There are over 4,500 episodes of Sesame Street, many of which are primarily lost to the fans. We’re reviewing some of the best, strangest, and rarest episodes out there in our series Sesame Rewind!

In its first two decades on the air, Sesame Street spent a lot of time focusing on its human cast members. We saw them at work and at home. We saw them get married and start families. But most importantly, we saw that they lived in a larger world. The characters took trips to other parts of the US and other parts of the world. And sometimes, their families would come visit them on Sesame Street.

Today we’re going to look at a relative who made many such visits. Played by Clarice Taylor, David’s grandmother Grace appeared in at least 35 episodes between 1976 and 1989. I haven’t seen any of her other episodes, but episode #1441 (from 1980) is all about making her seem like the coolest and most appealing person who ever visited Sesame Street.

The one-line summary on Muppet Wiki is “Mr. Hooper and David’s grandmother go to the senior citizens’ dance.” Disappointingly, we don’t get to see the actual event in this episode, but we do see them both before and after the dance. Before that happens, however, we spent some time watching Grace’s other areas of expertise.

When we first see Mr. Hooper, he’s busily making sandwiches for the day care center. He’s overwhelmed, worried that he won’t be able to make enough sandwiches in time. While he and David brainstorm ideas for who they can call to help out, Grace instantly makes an enormous pile of sandwiches. She’s the fastest, most efficient sandwich artist in history, and she’s just getting started.

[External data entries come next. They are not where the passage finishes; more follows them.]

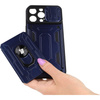 Etui Bizon Case Camshield Card Slot Ring do iPhone 14 Pro Max, granatowe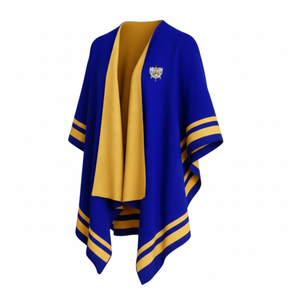 ผ้าคลุมไหล่แบบพอนโชสำหรับผู้หญิง ลายปัก ผ้าขนสัตว์ ผ้าคลุมไหล่แบบลำลอง ผ้าคลุมไหล่แบบกรีก ผ้าคลุมไหล่แบบเดรป - Product Image 2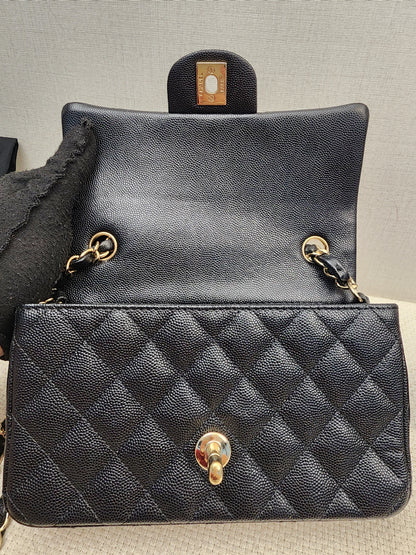 Chanel Black Caviar Mini Rectangular Flap (GHW)
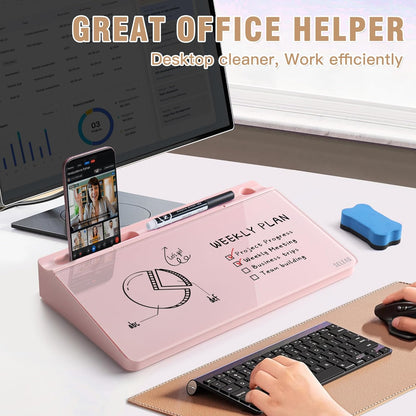 SELEAD Desktop Glass Whiteboard with Wireless Charger Station, Dry Erase Board Computer Pad Keyboard Stand with Organizer for Home, School, Office Desk Accessories, Black
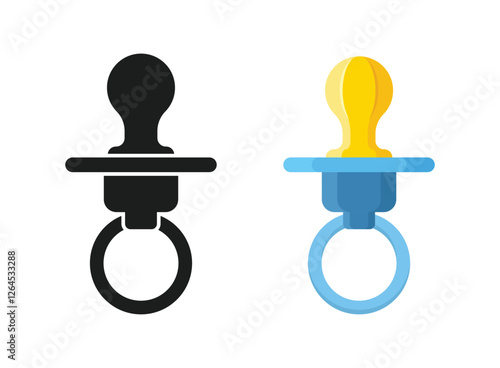 Baby pacifier icon in flat style. Nipple for newborn child vector illustration on isolated background. Soother sign business concept.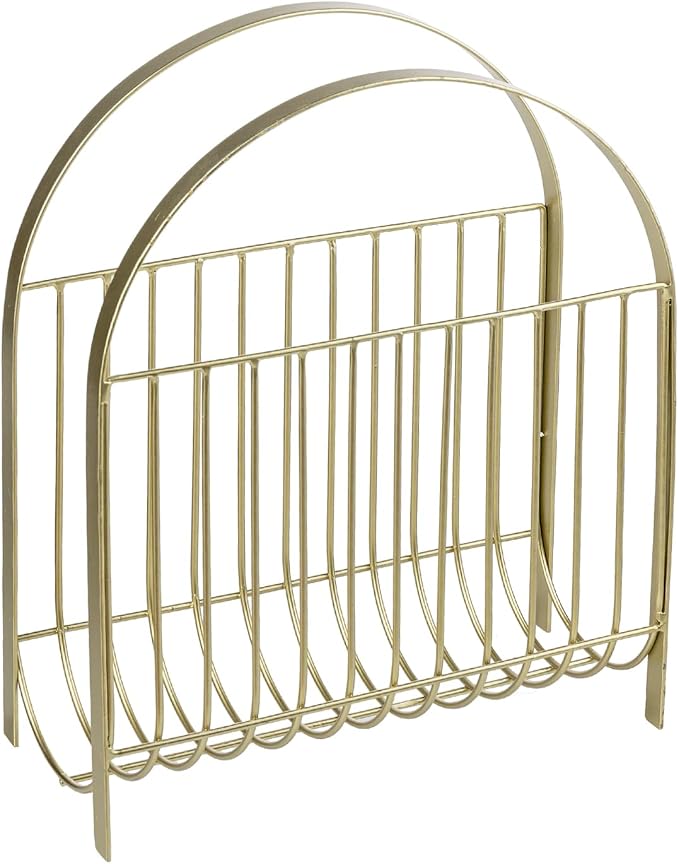 MyGift Deluxe Mid Century Brass Tone Metal Wire Magazine Holder Rack, Table or - Image 7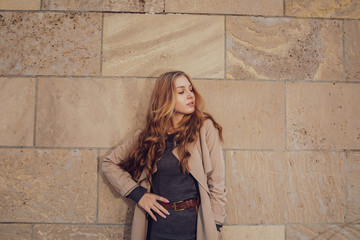 young woman in nice dress around berlin 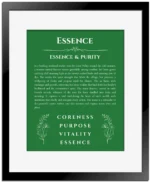 Essence personalized name print with origin and traits in dark green with black matte frame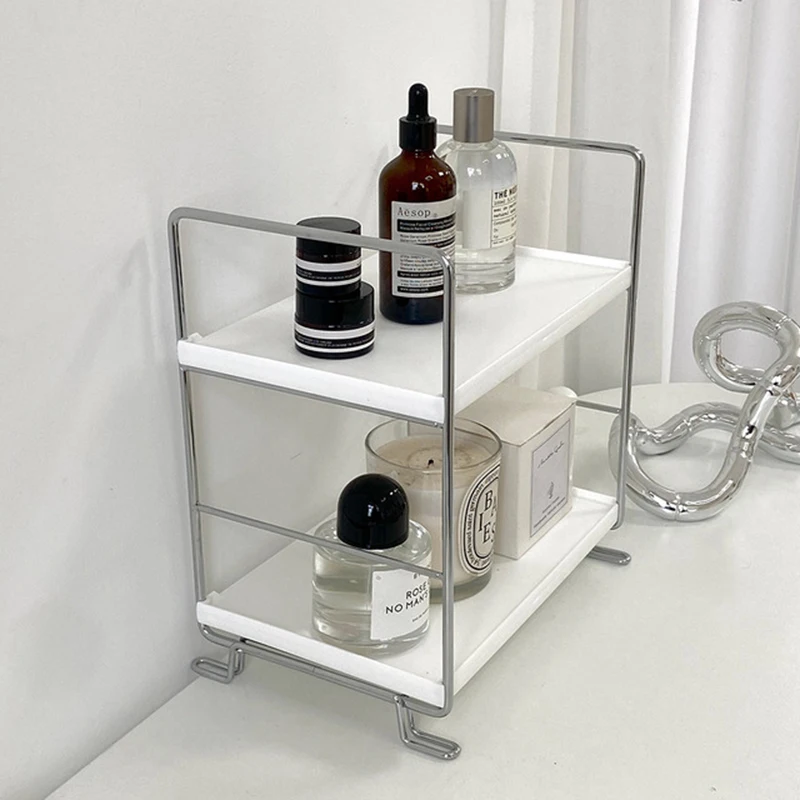 2 Tiers Bathroom Cosmetic Storage Shelf Makeup Organizer Vanity Tray  Cosmetic Organizer Holder For Dorm Living Room Bedroom - Storage Shelves &  Racks - AliExpress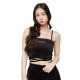 FUBU Γυναικεία αμάνικη μπλούζα Signature Rhinestone Velours Top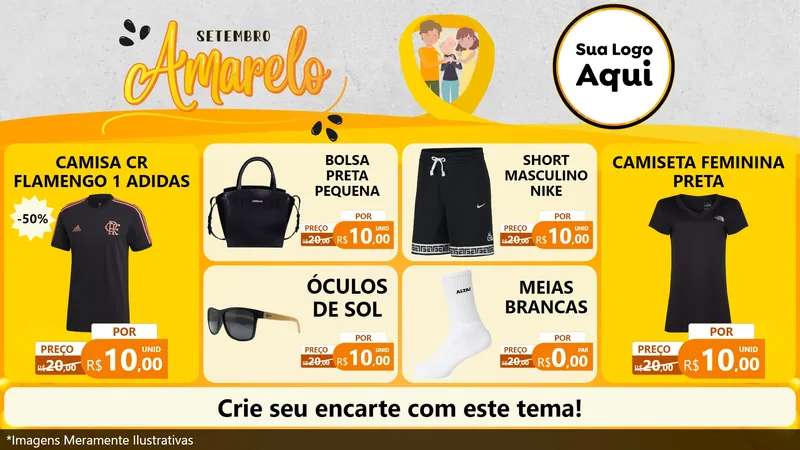 Modelo de TV para TV Horizontal com o tema Setembro Amarelo para Roupas e acessórios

For her next feat, Grace decides to mess with Oscar the Grouch. As the scene opens, she walks up to Oscar’s can with a bunch of kids. With a twinkle in her eye, she says “Come on, let’s go down and tell Oscar that we love him. See how he reacts.” 

Well, Oscar doesn’t have time to engage in banter because he’s just about to feed his farm animals. So Grace and the kids help out, beginning with David gleefully dumping a bowl of corn into Oscar’s can to feed the chickens. They go on to feed several other animals, and Grace is delighted by all of it. 

Turns out that just like sandwich-making, Grace has a knack for feeding farm animals. When only one pig shows up for dinner, Grace unleashes a forcefull “SOO-IE!” to call the rest of Oscar’s herd. As Oscar notes, she’s such a good pig caller that he now has six more pigs than he did before. Clearly, Grace’s talents transcend geography, including both city and country.

The next time we see Grace, it’s finally dance time. This scene is even more exciting than I expected. She’s sitting in the courtyard with Mr. Hooper, but they aren’t aren’t alone. They’re joined by Willy the Hot Dog Vendor and Mr. Macintosh the apple man. Both of those characters mostly hung out in the background, so it’s really fun to watch them get a spotlight in this one.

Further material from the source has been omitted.